İlimizin en önemli sivil toplum örgütlerinden bazılarının bilinçli ya da bilinçsiz bu ziyaretin dışında tutulması bizlerde üzüntü yarattığı gibi, şüphelerde uyandırmıştır. Acaba bu gerçekten Ağrının sorunlarının konuşulduğu ve Cumhurbaşkanına iletildiği bir toplantımıydı. Eğer öyleyse neden bu heyet içerisinde Demokrasinin ve çalışma hayatının en önemli unsuru sendikalar bulunmamaktadır. Eğer bu heyet Ağrının işsizlik sorununu dile getirdiyse, bunu sendikalardan daha iyi bilen kim var ? Bu heyet içerisinde ve kim daha iyi anlata bilir.
Sadece Sendikalar değil, Muhtarlar Derneği, Şoförler ve Otomobilciler Derneği, Engelli ve Özürlü yurttaşlarımızı temsil eden dernekler, spor kulüplerimizi temsil eden Dernekler, Yurt-Ay, İl Genel Meclis Üyeleri ve bunlar gibi diğer dernekler.
Birlik ve beraberliğe en çok ihtiyacımızın olduğu bu günlerde, bu tür tutum ve davranışların sergilenmesi hiçbir fayda sağlamayacağı gibi var olan bazı değerlerinde yitip gitmesine sebep olacaktır.
İşsizliği sendikalardan daha iyi kim anlatabilir, Köy ve köylülerin sorunlarını muhtarlardan kim daha iyi bilir ve anlata bilir, engelli birinin sorunlarını ancak bir engelli bilir ( acaba aralarında bir engelli var mıdır ) spordan anlayan ve sporla iç içe olan kaç kişi oradaydı.
Cumhurbaşkanıyla kaç dakika görüşüldü?, ve bu sürede hangi sorun anlatıldı ?
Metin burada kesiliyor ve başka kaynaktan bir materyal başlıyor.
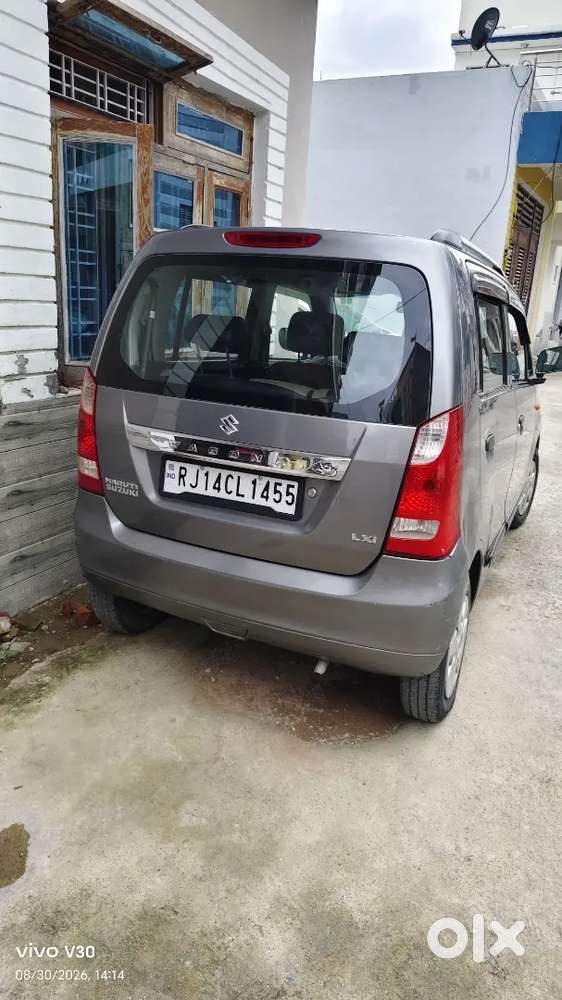 Maruti Suzuki Wagon 2010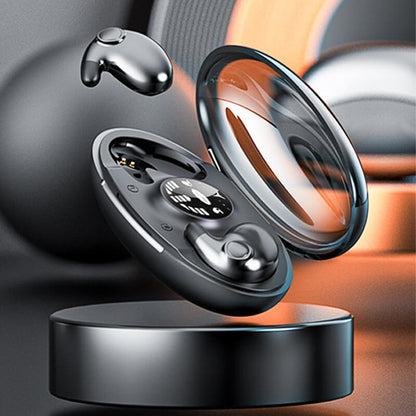 Auriculares Inalámbricos Invisibles para Dormir IPX5 Impermeables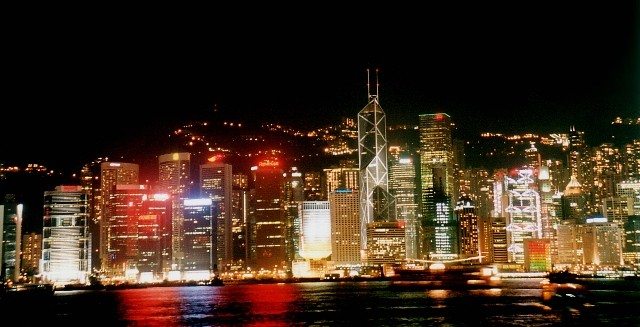홍콩-위키 미디어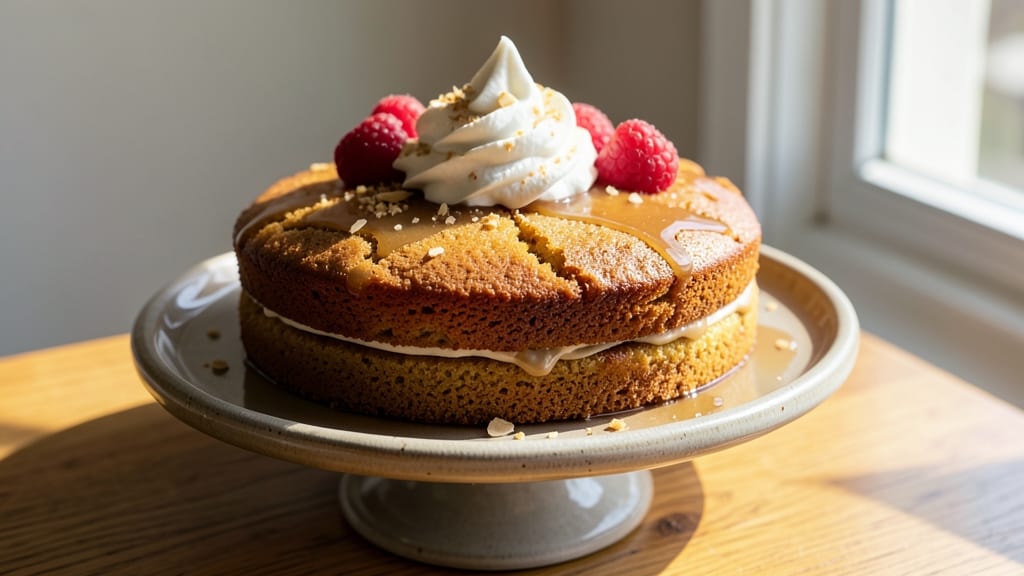 Almond Meal Cake Recipe Healthy: Moist Grain-Free Layers Without the Guilt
Ağrı için Cumhurbaşkanı ile görüşülmesi çok önemli bir olaydır. Ama toplumun en önemli kesimlerinin bunun dışında tutulması da bir o kadar üzüntü vericidir. Orada olması en son gerekenler oradayken, Ağrının sorunlarını en iyi bilen ve birebir muhatabı olanların orada olmaması bizlerce çok manidardır ve kabullenilecek bir durum değildir. Orada gördüğümüz tablo Ağrı heyetinden çok Ağrının bir sonraki seçimlerdeki aday adayları tablosuna benzemektedir.
Bu sözlerimiz bu görüşmeyi organize edenlere.
Birde birkaç sözümüz toplantıya katılanlara var.
Umarız orada temsil edilmeyenlerin sorunları bütün gerçekçiliğiyle anlatılmıştır. Yinede beklerdik ki toplantıyı düzenleyenlerin düşünemediğini katılımcılar düşünsün ve bu toplantı hem Ağrı, hem de Cumhurbaşkanı için doyurucu olsun. Umuyoruz ki Sayın Cumhurbaşkanımız içinde Sendikaların, Muhtarlar Derneğinin, Engelli vatandaşların, gençlerin olmadığı bir heyeti her şeye rağmen ciddiyetle karşılamıştır.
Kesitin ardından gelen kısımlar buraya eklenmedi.